_WORKING DATA:_
————————
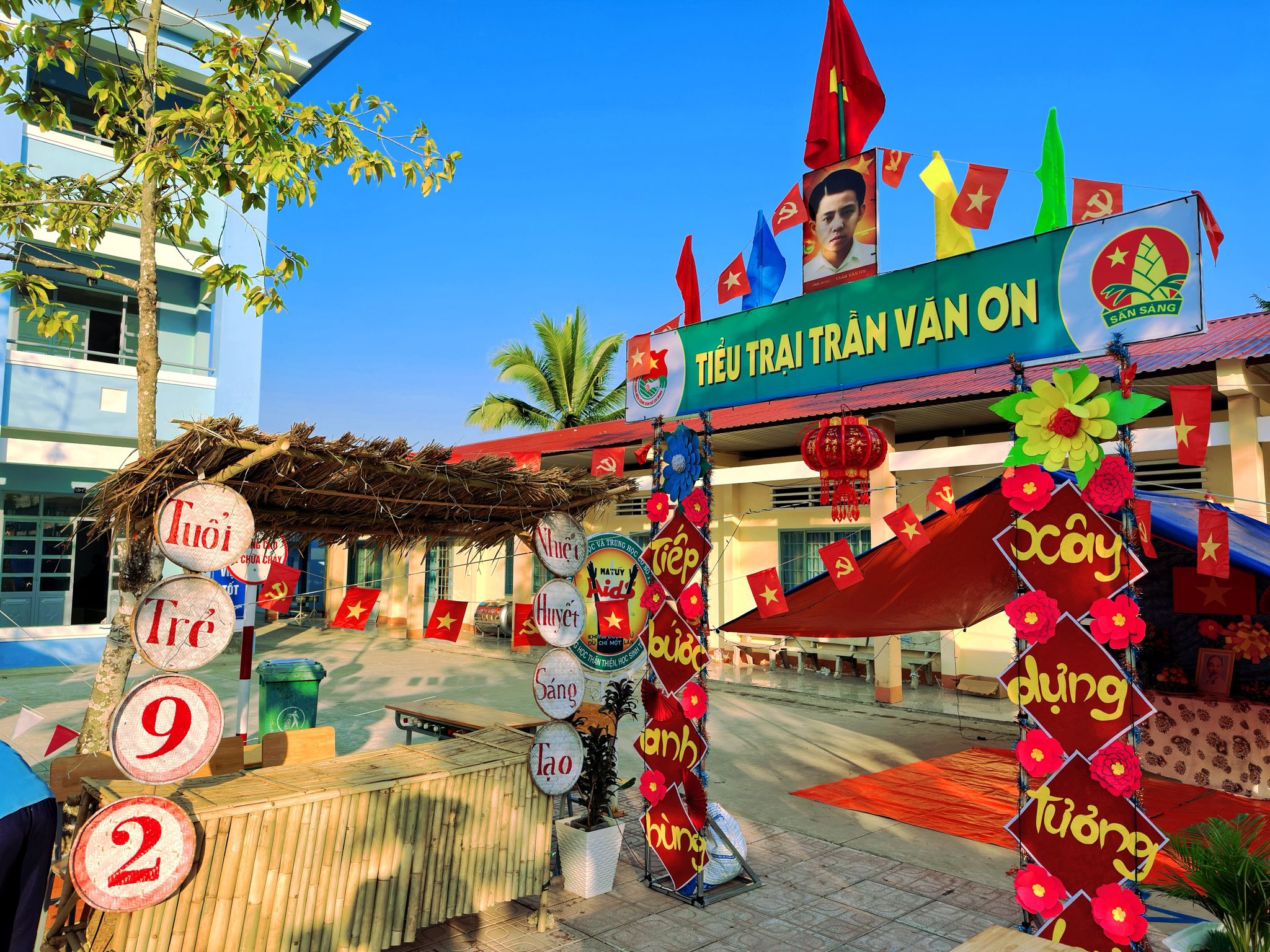 655583345 1432462672226572 8484408686358363393 n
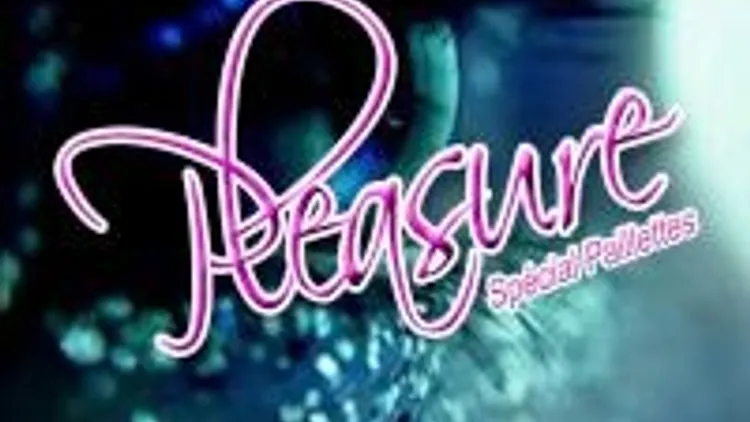 Pleasure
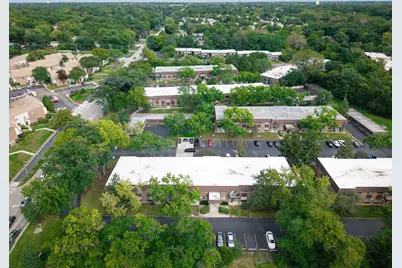 8305 Route 53 #A6, Woodridge, IL 60517 - Photo 19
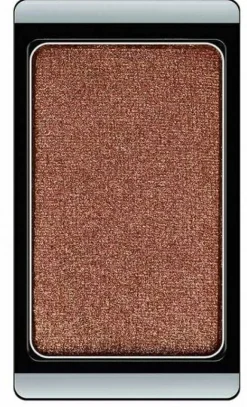Artdeco Eyeshadow Pearl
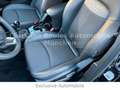 Fiat 500X Cross 2.Hd Orig.22´KM Navi Blind Keyless Noir - thumbnail 13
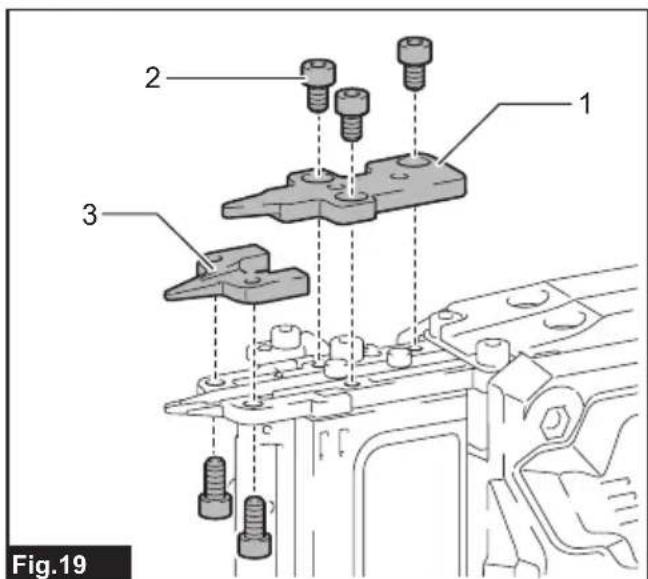 MAKITA DPT353Z - DPT353 - 20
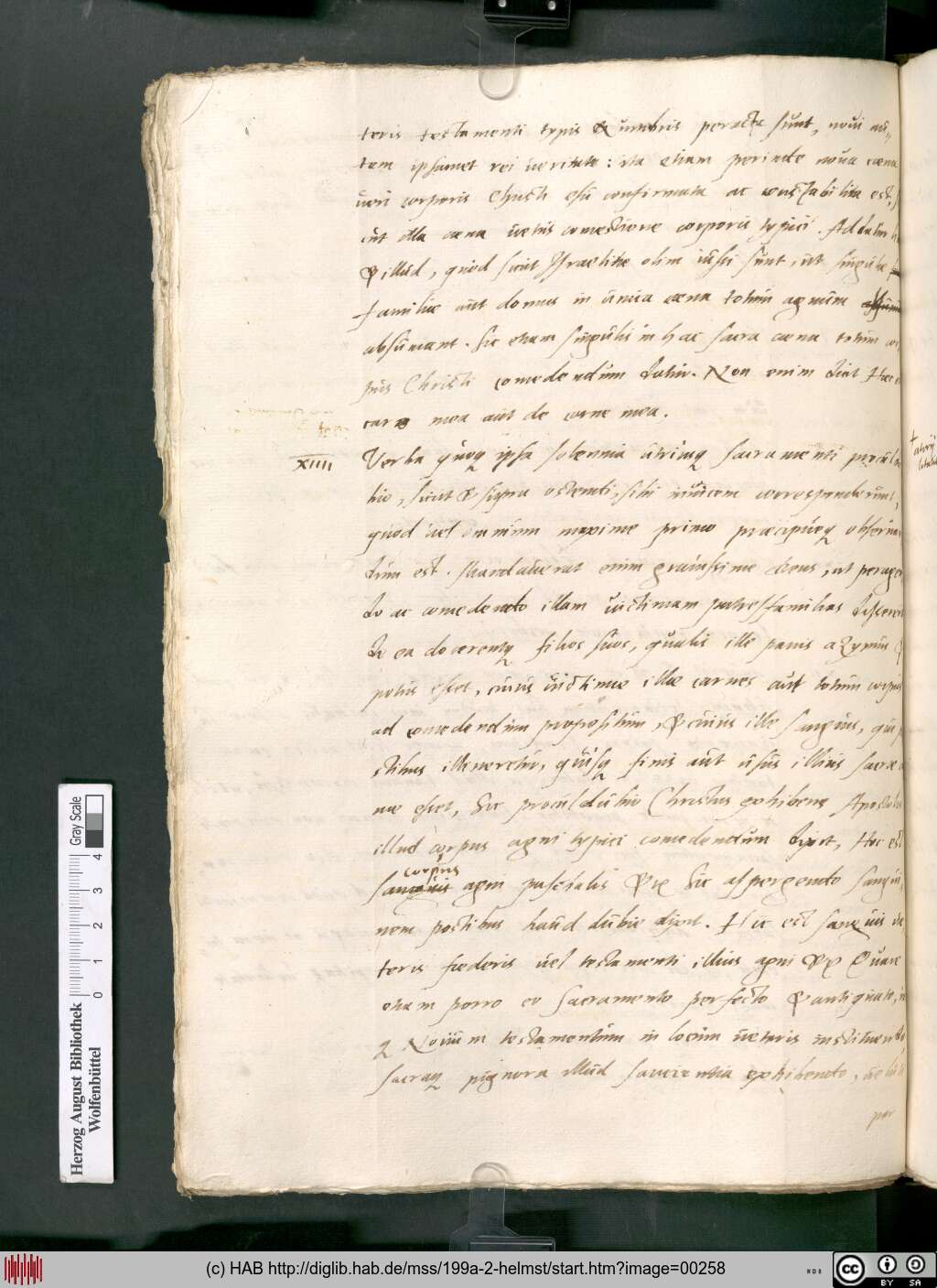 http://diglib.hab.de/mss/199a-2-helmst/00258.jpg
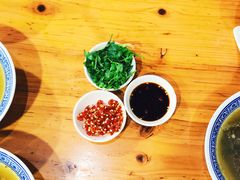 -大陈鸿源牛肉馆(大陈总店)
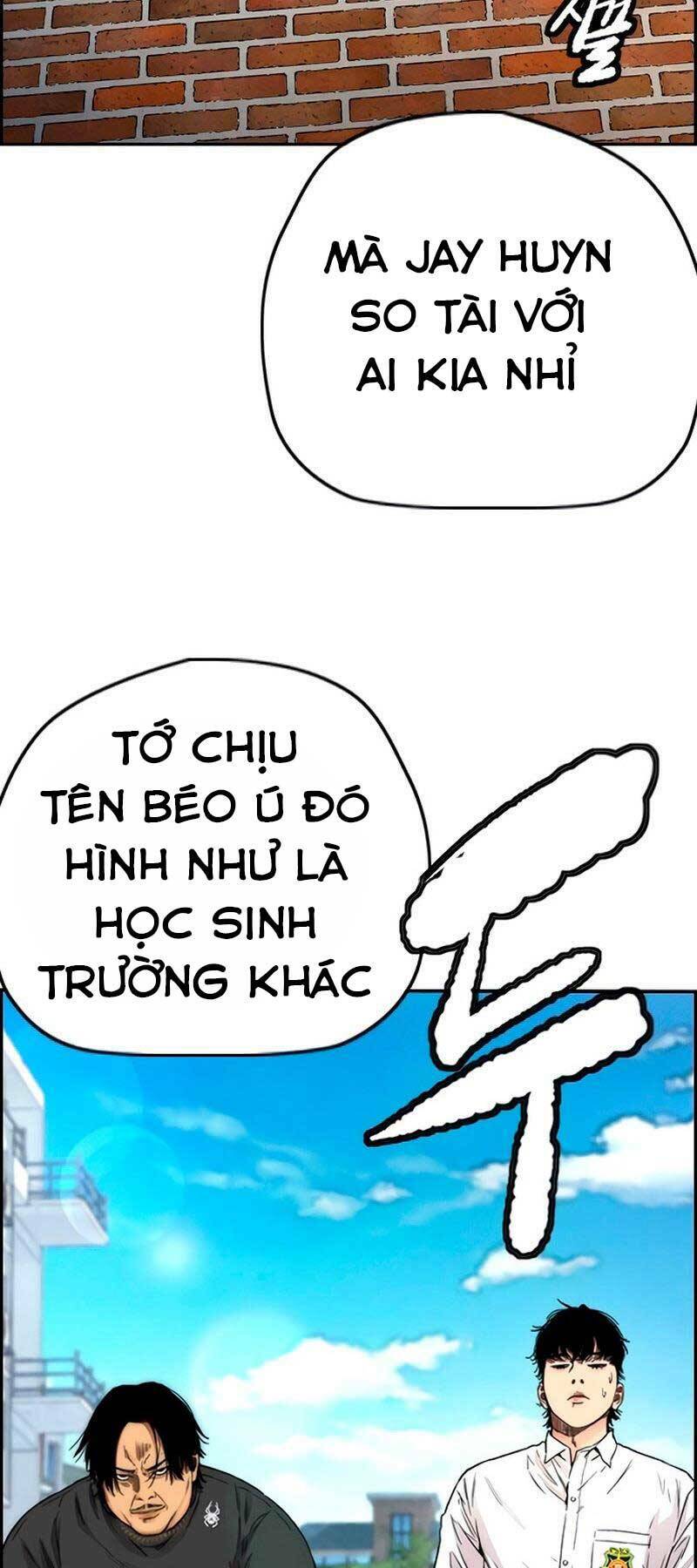 Thể Thao Cực Hạn - 410 - /uploads/20240102/c1ffb64a5d51d2034f98d19d283ca04f/chapter_410/page_56.jpg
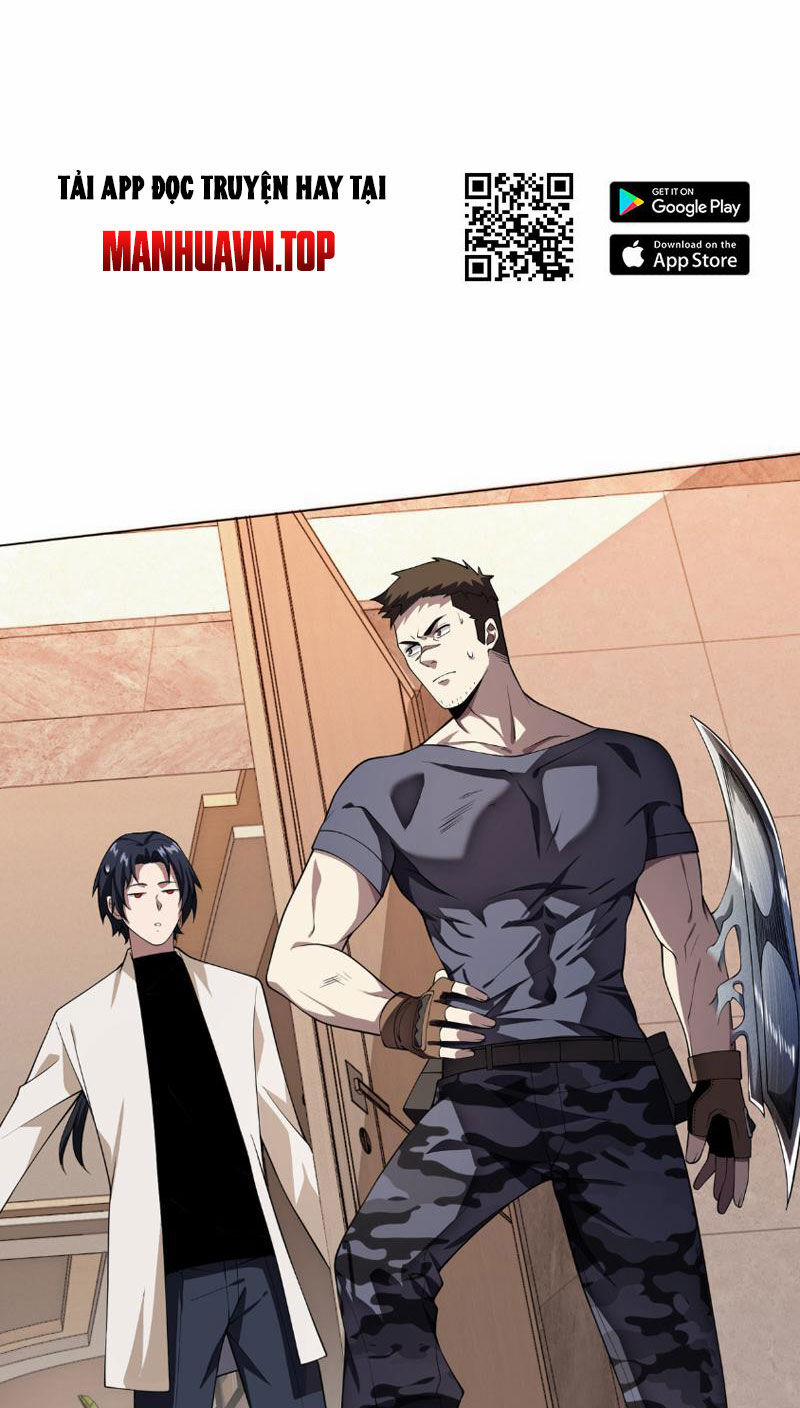 Toàn Trí Tu Tiên Giả 14 trang 58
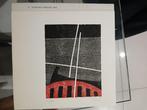 Lojze Spacal (1907-2000) - Notturno Istriano (1964), Antiek en Kunst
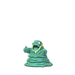 Grimer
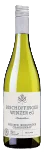 HWK Weißer Burgunder & Chardonnay QbA trocken
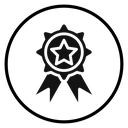 Best seller icon
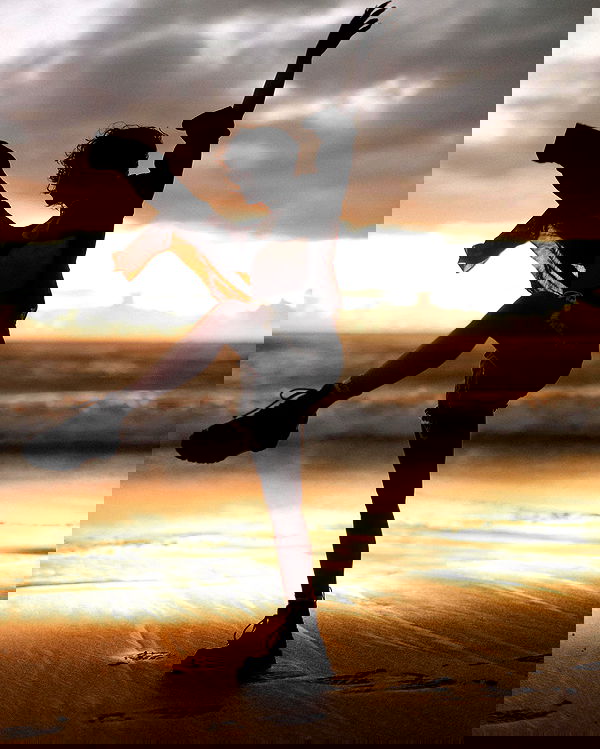 kkulakovaa image ~ Altpins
————————
_TASK DESCRIPTION:_
When you repeat the lines above, keep them exact and leave out each image they contain.

_EXERCISE RESULT:_
 655583345 1432462672226572 8484408686358363393 n
 Pleasure
 8305 Route 53 #A6, Woodridge, IL 60517 - Photo 19
Artdeco Eyeshadow Pearl
 Fiat 500X Cross 2.Hd Orig.22´KM Navi Blind Keyless Noir - thumbnail 13
 MAKITA DPT353Z - DPT353 - 20
 http://diglib.hab.de/mss/199a-2-helmst/00258.jpg
 -大陈鸿源牛肉馆(大陈总店)
 Thể Thao Cực Hạn - 410 - /uploads/20240102/c1ffb64a5d51d2034f98d19d283ca04f/chapter_410/page_56.jpg
 Toàn Trí Tu Tiên Giả 14 trang 58
 Lojze Spacal (1907-2000) - Notturno Istriano (1964), Antiek en Kunst
 Grimer
 HWK Weißer Burgunder & Chardonnay QbA trocken
 Best seller icon
 kkulakovaa image ~ Altpins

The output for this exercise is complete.